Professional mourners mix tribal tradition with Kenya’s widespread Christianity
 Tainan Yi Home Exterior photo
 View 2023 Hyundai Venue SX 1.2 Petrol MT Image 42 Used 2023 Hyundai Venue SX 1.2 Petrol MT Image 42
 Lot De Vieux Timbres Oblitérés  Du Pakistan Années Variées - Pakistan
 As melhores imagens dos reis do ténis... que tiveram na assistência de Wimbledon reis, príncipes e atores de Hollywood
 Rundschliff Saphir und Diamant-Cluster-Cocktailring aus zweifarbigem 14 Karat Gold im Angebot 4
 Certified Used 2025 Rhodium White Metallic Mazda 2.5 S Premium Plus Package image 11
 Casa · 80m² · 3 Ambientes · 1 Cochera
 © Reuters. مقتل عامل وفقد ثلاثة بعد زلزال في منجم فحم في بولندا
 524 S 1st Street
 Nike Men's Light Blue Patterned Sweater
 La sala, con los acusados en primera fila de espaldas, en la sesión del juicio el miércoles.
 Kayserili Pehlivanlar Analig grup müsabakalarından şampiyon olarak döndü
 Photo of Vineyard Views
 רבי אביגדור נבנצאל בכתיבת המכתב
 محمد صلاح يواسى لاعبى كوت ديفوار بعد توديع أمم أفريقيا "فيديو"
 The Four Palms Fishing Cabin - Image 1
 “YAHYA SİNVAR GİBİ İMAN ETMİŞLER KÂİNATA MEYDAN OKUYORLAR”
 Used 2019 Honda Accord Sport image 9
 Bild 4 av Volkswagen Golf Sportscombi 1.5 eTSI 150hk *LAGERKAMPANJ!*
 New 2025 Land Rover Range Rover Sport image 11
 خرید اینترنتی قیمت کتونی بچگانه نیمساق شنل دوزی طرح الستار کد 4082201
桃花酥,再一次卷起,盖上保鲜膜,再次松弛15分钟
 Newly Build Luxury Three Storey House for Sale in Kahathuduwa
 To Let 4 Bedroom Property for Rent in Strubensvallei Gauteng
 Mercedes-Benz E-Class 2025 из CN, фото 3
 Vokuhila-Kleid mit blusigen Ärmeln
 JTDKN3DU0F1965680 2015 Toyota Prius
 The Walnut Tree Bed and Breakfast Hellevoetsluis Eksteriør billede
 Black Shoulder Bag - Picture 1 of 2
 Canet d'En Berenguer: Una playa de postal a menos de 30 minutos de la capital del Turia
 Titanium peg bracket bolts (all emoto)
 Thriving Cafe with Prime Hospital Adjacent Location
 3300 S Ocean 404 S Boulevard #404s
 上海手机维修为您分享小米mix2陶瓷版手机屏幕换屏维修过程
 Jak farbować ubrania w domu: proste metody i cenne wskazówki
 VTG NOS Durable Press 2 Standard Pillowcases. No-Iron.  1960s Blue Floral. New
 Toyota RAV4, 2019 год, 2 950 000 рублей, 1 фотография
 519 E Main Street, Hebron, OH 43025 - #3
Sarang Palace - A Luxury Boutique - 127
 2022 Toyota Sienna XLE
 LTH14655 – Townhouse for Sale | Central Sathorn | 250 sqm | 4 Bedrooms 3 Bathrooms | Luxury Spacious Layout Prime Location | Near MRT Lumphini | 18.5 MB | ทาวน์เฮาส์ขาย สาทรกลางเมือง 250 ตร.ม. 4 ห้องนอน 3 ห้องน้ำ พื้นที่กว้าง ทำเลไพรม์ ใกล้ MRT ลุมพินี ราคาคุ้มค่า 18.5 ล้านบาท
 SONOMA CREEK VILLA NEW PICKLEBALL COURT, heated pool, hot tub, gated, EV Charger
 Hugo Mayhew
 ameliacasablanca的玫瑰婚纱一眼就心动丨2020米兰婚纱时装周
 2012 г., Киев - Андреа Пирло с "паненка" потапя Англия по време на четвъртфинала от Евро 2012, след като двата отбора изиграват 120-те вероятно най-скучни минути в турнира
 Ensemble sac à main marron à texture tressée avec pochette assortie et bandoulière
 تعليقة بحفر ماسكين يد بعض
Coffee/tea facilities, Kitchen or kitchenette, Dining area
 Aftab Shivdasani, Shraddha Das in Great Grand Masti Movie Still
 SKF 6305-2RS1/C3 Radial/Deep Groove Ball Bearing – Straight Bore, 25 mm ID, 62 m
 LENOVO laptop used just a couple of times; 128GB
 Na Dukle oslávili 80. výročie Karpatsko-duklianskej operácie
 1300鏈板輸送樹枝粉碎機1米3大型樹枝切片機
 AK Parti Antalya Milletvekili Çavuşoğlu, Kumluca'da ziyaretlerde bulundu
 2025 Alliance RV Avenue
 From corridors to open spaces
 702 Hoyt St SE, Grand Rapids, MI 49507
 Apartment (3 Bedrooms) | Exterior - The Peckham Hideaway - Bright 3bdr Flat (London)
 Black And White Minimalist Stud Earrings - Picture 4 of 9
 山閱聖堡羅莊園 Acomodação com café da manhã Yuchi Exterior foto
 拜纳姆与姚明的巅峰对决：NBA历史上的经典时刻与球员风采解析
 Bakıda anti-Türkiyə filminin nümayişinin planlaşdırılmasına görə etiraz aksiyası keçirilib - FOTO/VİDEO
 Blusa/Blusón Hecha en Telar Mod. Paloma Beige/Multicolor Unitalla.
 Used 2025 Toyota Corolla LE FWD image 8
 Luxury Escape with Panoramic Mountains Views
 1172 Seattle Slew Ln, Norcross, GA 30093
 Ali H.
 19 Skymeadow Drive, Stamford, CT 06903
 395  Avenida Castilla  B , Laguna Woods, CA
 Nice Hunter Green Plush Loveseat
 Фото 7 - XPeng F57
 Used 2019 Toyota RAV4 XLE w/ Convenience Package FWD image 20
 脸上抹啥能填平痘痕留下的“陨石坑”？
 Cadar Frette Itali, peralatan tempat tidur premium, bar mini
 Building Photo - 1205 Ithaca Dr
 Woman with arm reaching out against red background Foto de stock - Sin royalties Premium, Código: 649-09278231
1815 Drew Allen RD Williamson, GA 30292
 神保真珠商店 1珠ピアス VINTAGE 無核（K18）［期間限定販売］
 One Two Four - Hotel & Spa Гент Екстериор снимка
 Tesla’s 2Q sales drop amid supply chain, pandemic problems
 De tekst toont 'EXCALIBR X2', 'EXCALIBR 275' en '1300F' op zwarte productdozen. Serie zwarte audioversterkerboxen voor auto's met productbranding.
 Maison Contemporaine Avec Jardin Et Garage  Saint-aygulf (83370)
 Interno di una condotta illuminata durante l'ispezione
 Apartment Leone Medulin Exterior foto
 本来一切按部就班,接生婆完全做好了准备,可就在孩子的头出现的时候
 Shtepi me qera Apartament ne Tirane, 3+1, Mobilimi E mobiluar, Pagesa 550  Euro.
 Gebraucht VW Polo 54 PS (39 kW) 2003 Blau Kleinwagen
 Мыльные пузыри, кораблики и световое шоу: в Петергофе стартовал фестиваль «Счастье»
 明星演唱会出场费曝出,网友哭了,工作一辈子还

| Required work |
From the records above, copy only the lines starting with the line that holds "SİNVAR GİBİ İMAN" and going on through the line that holds "3300 S Ocean 404 S Boulevard #404s", exactly as written.

| Written answer |
 “YAHYA SİNVAR GİBİ İMAN ETMİŞLER KÂİNATA MEYDAN OKUYORLAR”
 Used 2019 Honda Accord Sport image 9
 Bild 4 av Volkswagen Golf Sportscombi 1.5 eTSI 150hk *LAGERKAMPANJ!*
 New 2025 Land Rover Range Rover Sport image 11
 خرید اینترنتی قیمت کتونی بچگانه نیمساق شنل دوزی طرح الستار کد 4082201
桃花酥,再一次卷起,盖上保鲜膜,再次松弛15分钟
 Newly Build Luxury Three Storey House for Sale in Kahathuduwa
 To Let 4 Bedroom Property for Rent in Strubensvallei Gauteng
 Mercedes-Benz E-Class 2025 из CN, фото 3
 Vokuhila-Kleid mit blusigen Ärmeln
 JTDKN3DU0F1965680 2015 Toyota Prius
 The Walnut Tree Bed and Breakfast Hellevoetsluis Eksteriør billede
 Black Shoulder Bag - Picture 1 of 2
 Canet d'En Berenguer: Una playa de postal a menos de 30 minutos de la capital del Turia
 Titanium peg bracket bolts (all emoto)
 Thriving Cafe with Prime Hospital Adjacent Location
 3300 S Ocean 404 S Boulevard #404s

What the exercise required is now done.